I first noticed this recipe for Cream Cheese Danish when the girls were in 2nd grade or 3rd grade. Their class made cookbooks. I can’t remember now if it was a fund raiser or Christmas presents for parents, but the recipe was in the book.
8 years later I finally tried the recipe and after I tasted it I decided I should have made it much sooner.
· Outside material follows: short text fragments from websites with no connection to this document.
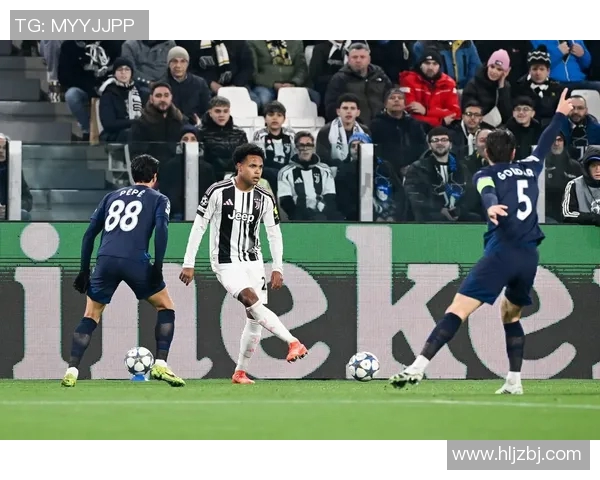 萨索洛与尤文图斯激战成和双方进球精彩回顾与分析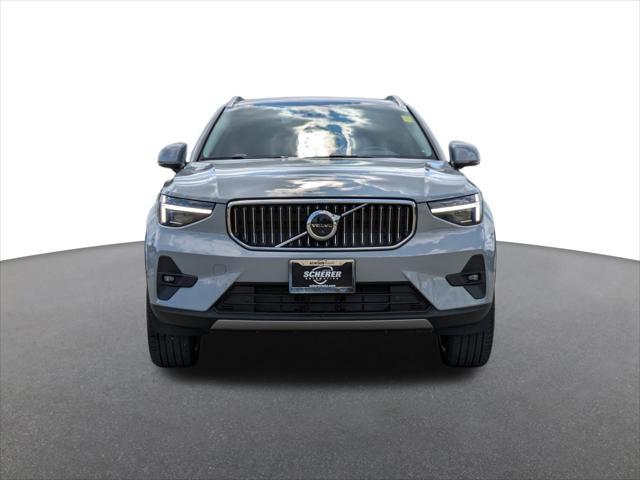 new 2025 Volvo XC40 car, priced at $48,825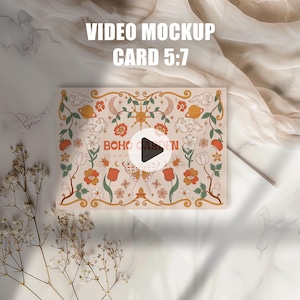 Mockup video di biglietti da visita 5x7, Mockup di invito animato, Oggetto intelligente PSD, Mockup di biglietti da matrimonio, Mockup di biglietti da visita stampati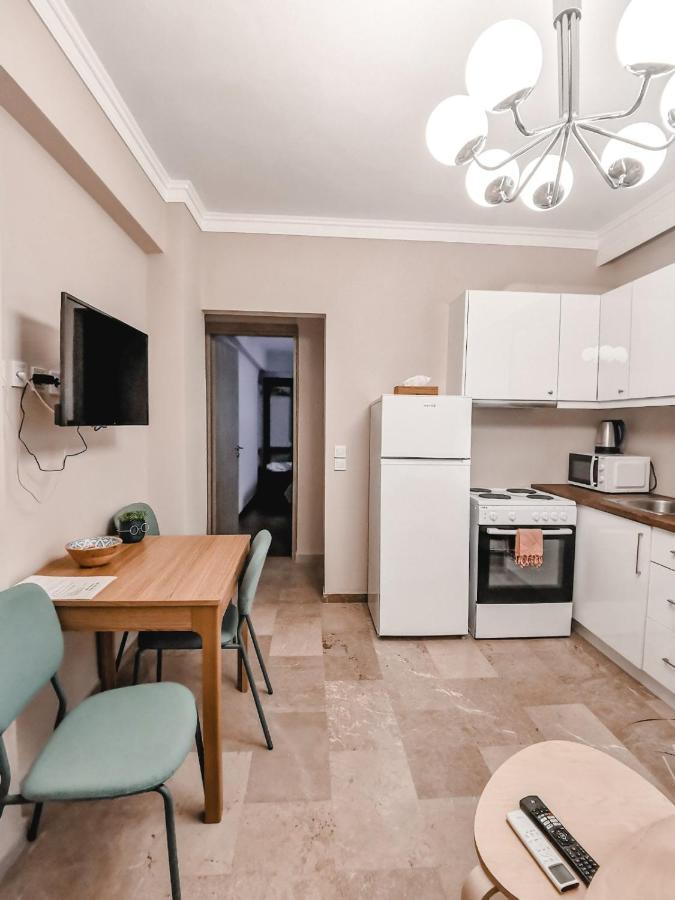 Tip Top Apartment Халкида Экстерьер фото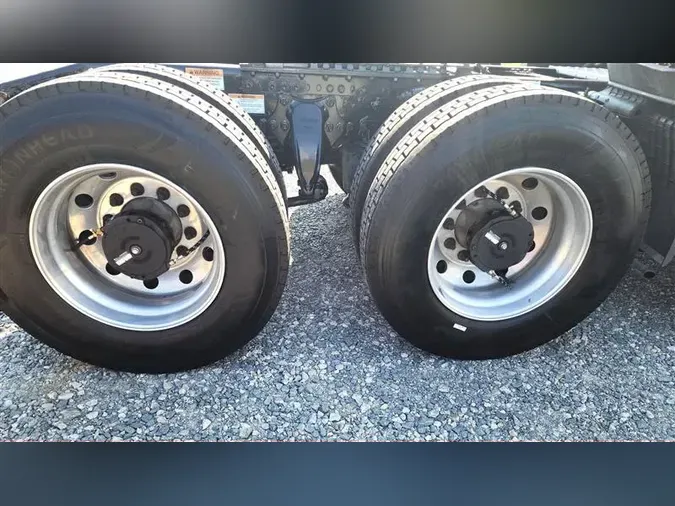 2021 FREIGHTLINER CA126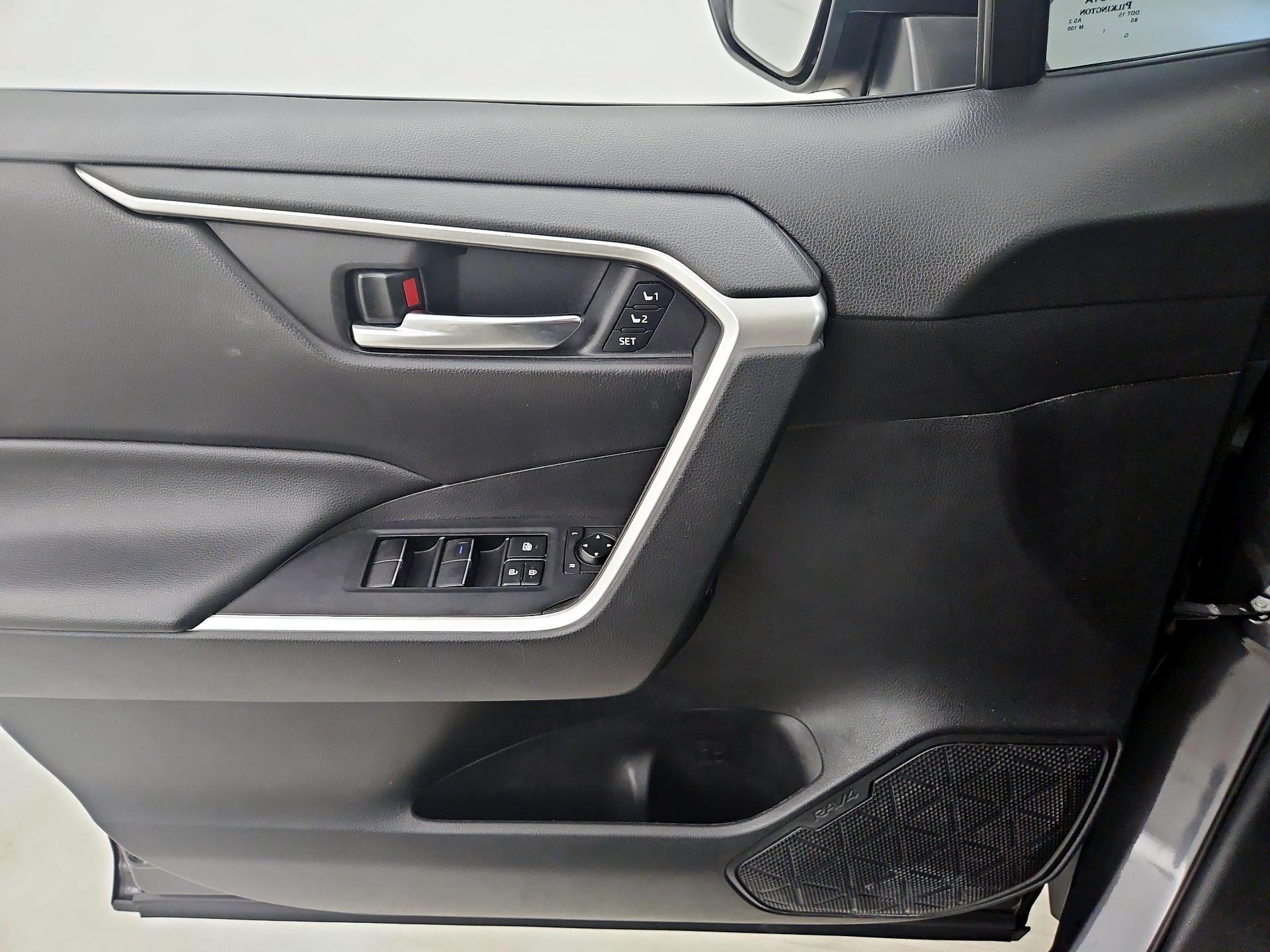 Thumbnail: 2020 Toyota RAV4 - 12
- 2 10 oz cans of crescent rolls
- 2 8 oz packs of cream cheese
- 3/4 cup sugar
- 1 1/2 teaspoon lemon juice
- 1 teaspoon vanilla
- 2 teaspoons sour cream
- 1 cup confectioners sugar
- 1 tablespoon milk
- 1 tablespoon butter
- preheat oven to 350
- grease a 9 x 13 baking pan
- line the bottom of the pan with one can of the crescent rolls-I sorta flattened mine together into a large square before I put them in the pan
- mix together the cream cheese, sugar, lemon juice, vanilla, and sour cream
- spread the mixture evenly over the crescent rolls
- top mixture with the other can of crescent rolls
- bake in 350 oven for 20-30 minutes or till light golden brown
The recipe called for mixing the confectioners sugar, butter, and milk together to drizzle over the danish, but I didn’t even bother with it. They were so good they didn’t need any icing.